Your assignment: Where the records below show a line containing "Paper house with", start copying; end with the line containing "1910 North Elm", and copy it too.

::: Given entries :::

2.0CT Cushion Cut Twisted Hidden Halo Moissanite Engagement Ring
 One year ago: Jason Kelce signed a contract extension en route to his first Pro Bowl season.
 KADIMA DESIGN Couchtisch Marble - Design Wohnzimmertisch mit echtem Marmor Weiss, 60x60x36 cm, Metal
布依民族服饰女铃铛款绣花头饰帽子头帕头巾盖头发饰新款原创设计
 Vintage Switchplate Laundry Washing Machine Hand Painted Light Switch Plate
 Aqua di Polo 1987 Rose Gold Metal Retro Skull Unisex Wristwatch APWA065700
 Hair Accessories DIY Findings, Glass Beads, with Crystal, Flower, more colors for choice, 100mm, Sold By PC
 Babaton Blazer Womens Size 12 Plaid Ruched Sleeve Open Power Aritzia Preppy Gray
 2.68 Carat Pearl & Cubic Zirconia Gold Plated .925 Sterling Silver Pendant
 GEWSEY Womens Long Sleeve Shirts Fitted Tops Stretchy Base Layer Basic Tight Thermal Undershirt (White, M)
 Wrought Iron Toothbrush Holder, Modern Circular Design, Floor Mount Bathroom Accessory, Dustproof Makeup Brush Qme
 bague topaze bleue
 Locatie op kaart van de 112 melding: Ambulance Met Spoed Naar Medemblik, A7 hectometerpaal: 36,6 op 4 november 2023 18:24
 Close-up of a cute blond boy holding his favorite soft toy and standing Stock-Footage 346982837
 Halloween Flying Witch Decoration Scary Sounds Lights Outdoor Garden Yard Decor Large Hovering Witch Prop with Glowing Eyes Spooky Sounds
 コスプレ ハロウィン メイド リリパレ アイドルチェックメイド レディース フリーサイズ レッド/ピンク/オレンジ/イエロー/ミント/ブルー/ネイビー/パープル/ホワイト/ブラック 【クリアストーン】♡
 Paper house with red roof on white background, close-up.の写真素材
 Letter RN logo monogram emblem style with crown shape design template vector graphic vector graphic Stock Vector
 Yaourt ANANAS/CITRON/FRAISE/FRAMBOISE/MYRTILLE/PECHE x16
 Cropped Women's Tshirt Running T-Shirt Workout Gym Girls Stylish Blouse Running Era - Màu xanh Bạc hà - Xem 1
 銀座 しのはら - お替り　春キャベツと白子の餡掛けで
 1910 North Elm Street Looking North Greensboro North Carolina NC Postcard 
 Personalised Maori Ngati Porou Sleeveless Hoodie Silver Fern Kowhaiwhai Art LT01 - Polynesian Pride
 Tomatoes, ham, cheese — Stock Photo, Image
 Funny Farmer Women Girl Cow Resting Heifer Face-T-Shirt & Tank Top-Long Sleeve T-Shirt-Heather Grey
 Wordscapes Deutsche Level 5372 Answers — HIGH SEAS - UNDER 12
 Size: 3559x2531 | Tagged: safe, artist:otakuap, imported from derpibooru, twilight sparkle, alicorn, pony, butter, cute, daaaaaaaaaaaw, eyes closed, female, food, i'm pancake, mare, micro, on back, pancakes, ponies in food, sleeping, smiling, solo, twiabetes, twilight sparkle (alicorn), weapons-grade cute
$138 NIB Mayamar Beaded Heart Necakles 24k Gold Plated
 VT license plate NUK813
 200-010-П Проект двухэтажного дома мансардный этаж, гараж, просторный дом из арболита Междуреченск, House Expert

:::

Solution to the exercise:
 Paper house with red roof on white background, close-up.の写真素材
 Letter RN logo monogram emblem style with crown shape design template vector graphic vector graphic Stock Vector
 Yaourt ANANAS/CITRON/FRAISE/FRAMBOISE/MYRTILLE/PECHE x16
 Cropped Women's Tshirt Running T-Shirt Workout Gym Girls Stylish Blouse Running Era - Màu xanh Bạc hà - Xem 1
 銀座 しのはら - お替り　春キャベツと白子の餡掛けで
 1910 North Elm Street Looking North Greensboro North Carolina NC Postcard 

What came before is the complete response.